Malick Sidibé, the Malian photographer who chronicled his country’s burgeoning pop culture in the years after independence, died at the age of 80 on 15th April 2016.

•    Sidibé’s dynamic black-and-white shots captured the energy, hope and nightlife of a generation of young ­Africans across two decades of social, cultural and political change.
•    Born in what was then French Sudan in 1936 (or 1935; in interviews he could never remember which), Sidibé only started school at 10, when he could be spared from shepherding duties by his father. 
•    He became known among his classmates and teachers as an accomplished artist, and in 1952 won a place at the École des Artisans Soudanais in Bamako.

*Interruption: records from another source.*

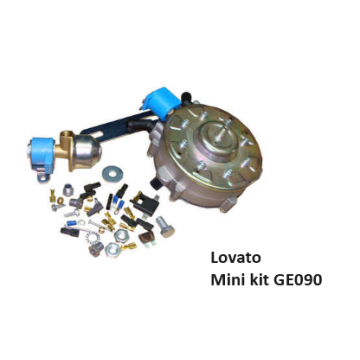 LPG MINI KIT-ELECTRONIC...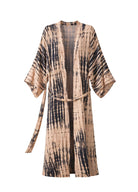 Kimono de Plage | Peignoir d'Or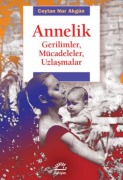 Cover-Bild zum Titel 'Annelik' von 'Ceylan Nur Akgün'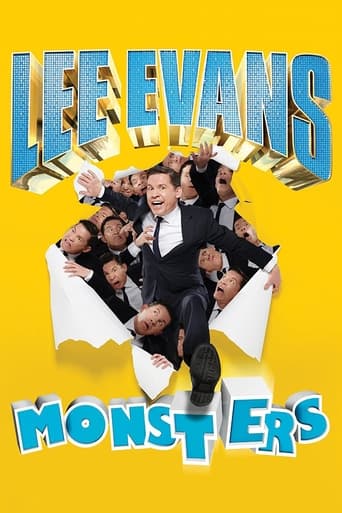 دانلود فیلم Lee Evans: Monsters 2014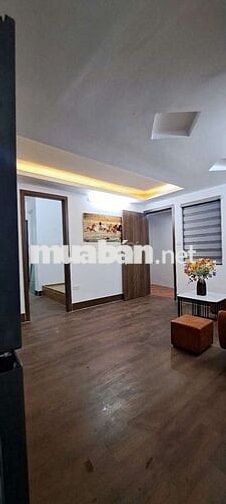 CHUNG CƯ MINI NHÂN HOÀ- QUAN NHÂN- 50M² – 2PN 2VS – FULL NỘI THẤT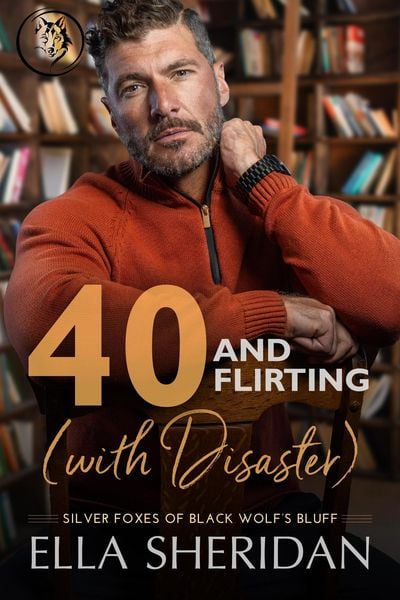 Produktbild: 40 and Flirting (with Disaster)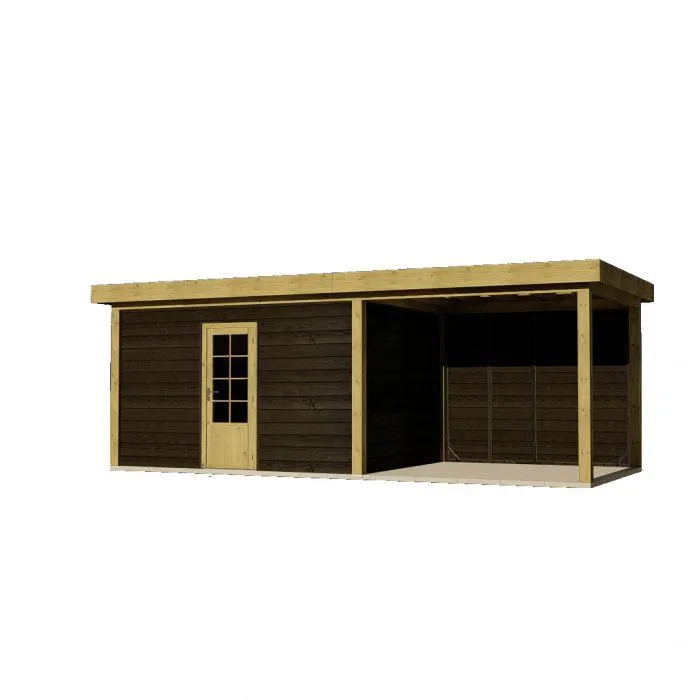 Topline Tuinhuis Noordwijk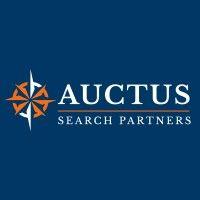 auctus search partners llc logo image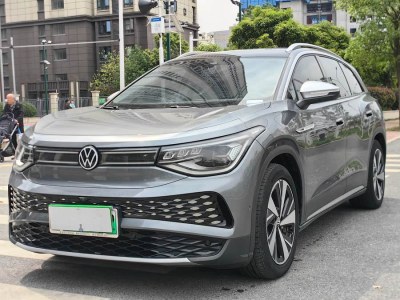2023年5月 大眾 ID.6 X 升級款 極智長續(xù)航版圖片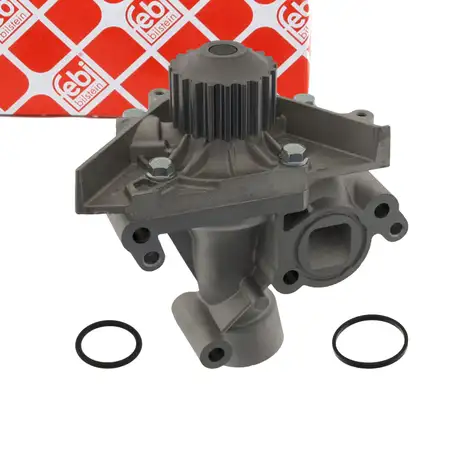febi 39680 Wasserpumpe WaPu f&uuml;r CITROEN C4 C5 Xsara FIAT Ulysse PEUGEOT 206 307 406 2.0i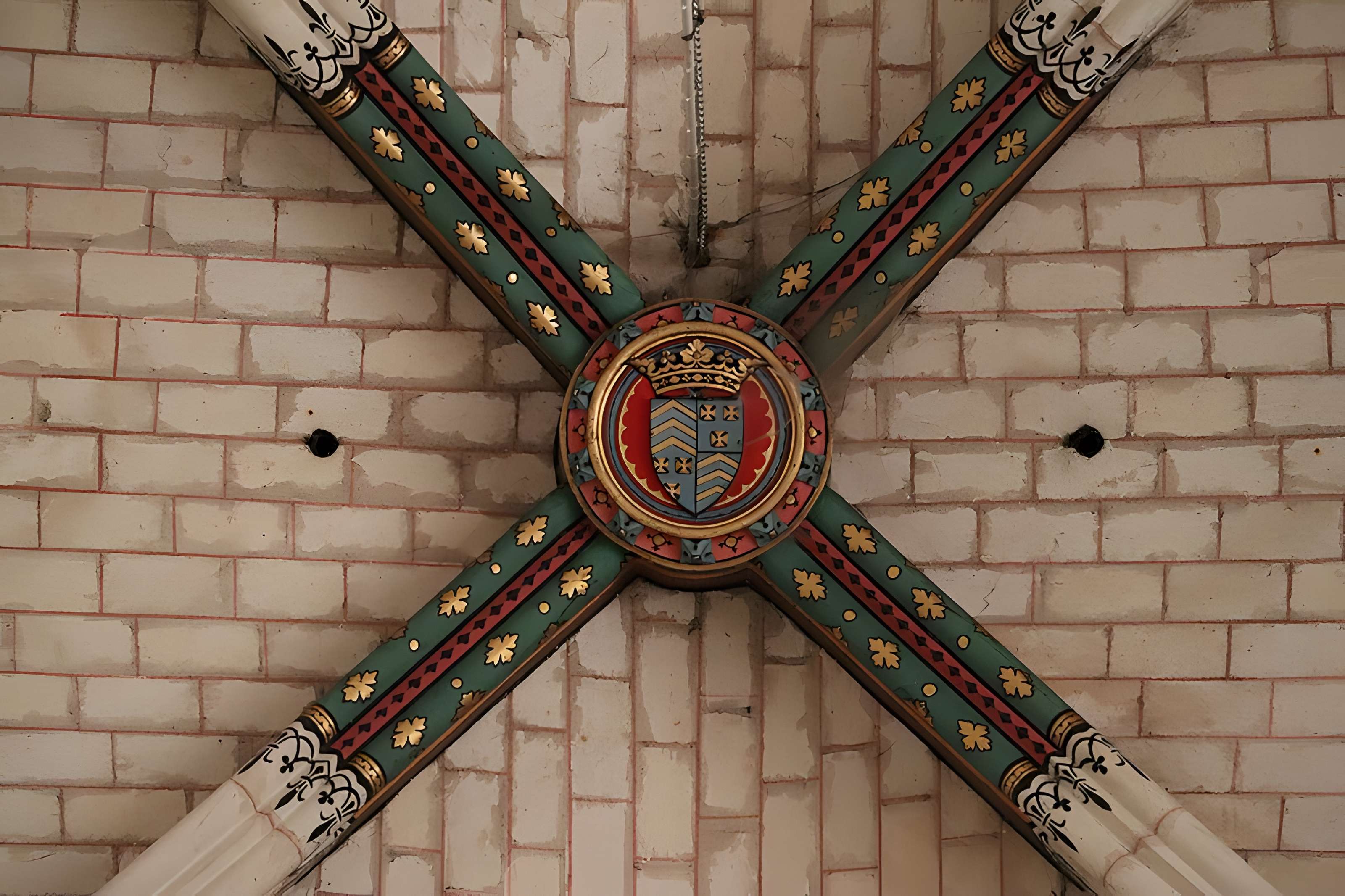 Église Saint-Martin du Lion-d'Angers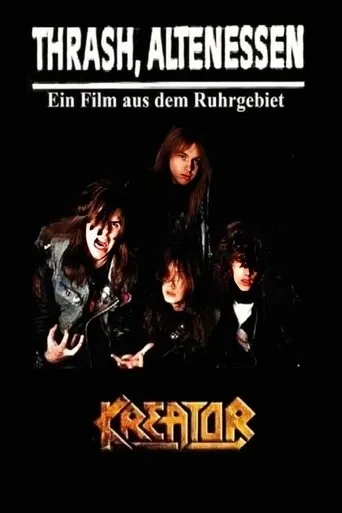 Póster de Thrash, Altenessen
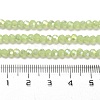 Imitation Jade Glass Beads Stands EGLA-A035-J3mm-B01-4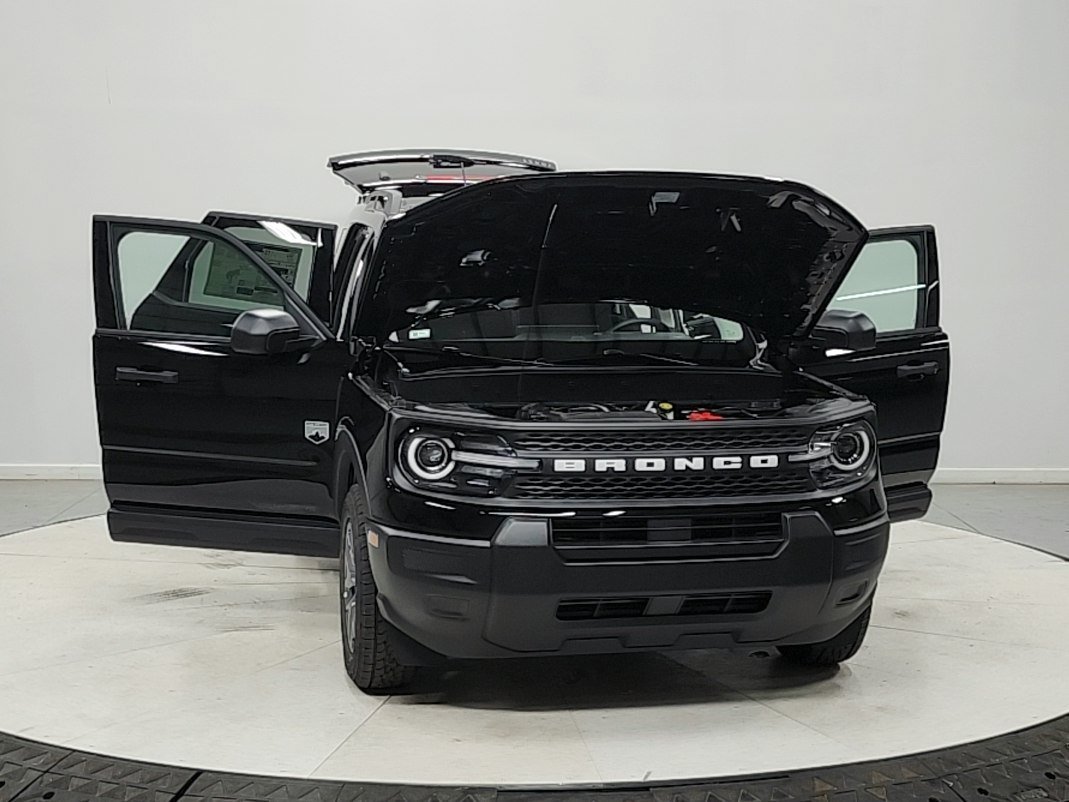 New 2026 Shadow Black Ford Big Bend® image 11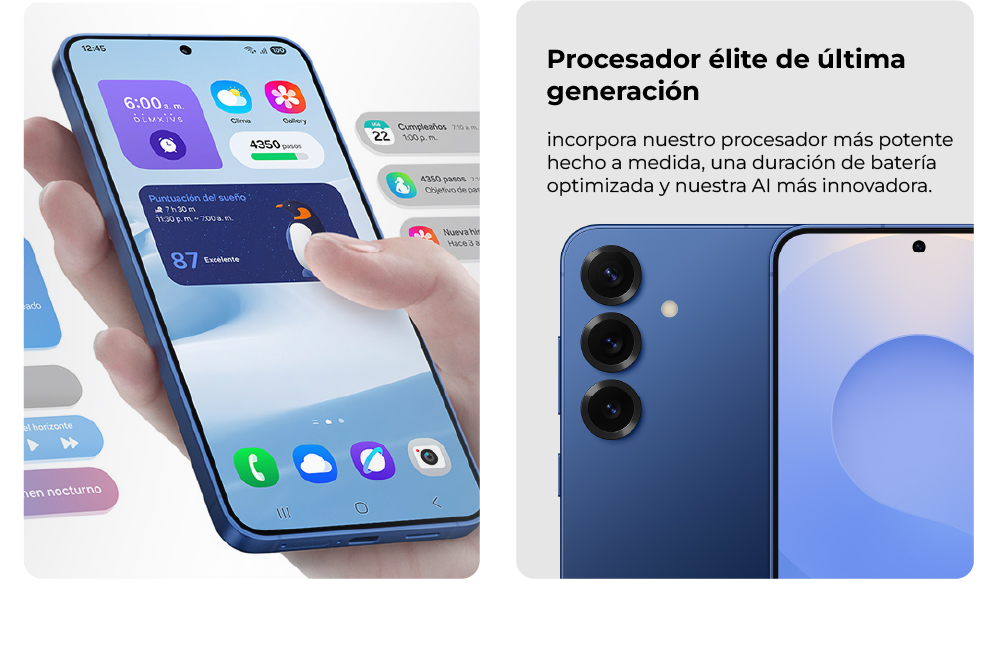 Procesador élite de última generación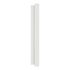 Plaque de finition 1 poste Odace 2025 blanc craie - SCHNEIDER ELECTRIC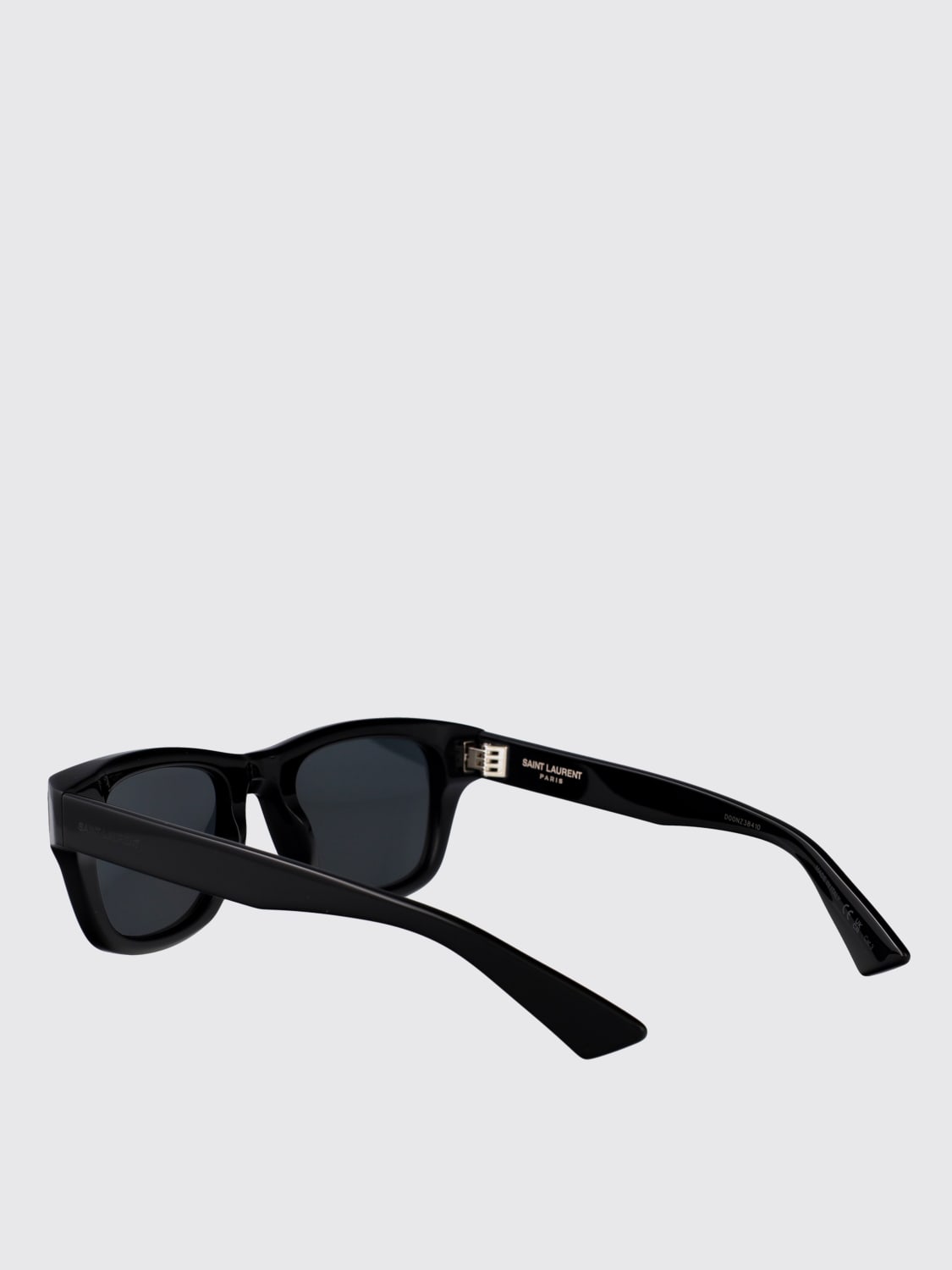 SAINT LAURENT SUNGLASSES: Sunglasses men Saint Laurent, Black - Img 3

•    He got his photographic break working in the studio of Bamako’s leading society ­photo­grapher, Gérard Guillat. Sidibé spent his nights cycling between nightclubs, photographing party-goers into the small hours with his Brownie camera. His portraits proved so popular that he set up his own studio in 1962 and became known as “the Eye of Bamako”.
•    Sidibé’s archive from those years totals tens of thousands of negatives, and his photographs are now held in collections across the world, including New York’s Museum of Modern Art and the Getty Museum in California.
•    In 2007, he became the first photographer – and the first African – to be awarded the Golden Lion lifetime achievement award at the Venice Biennale.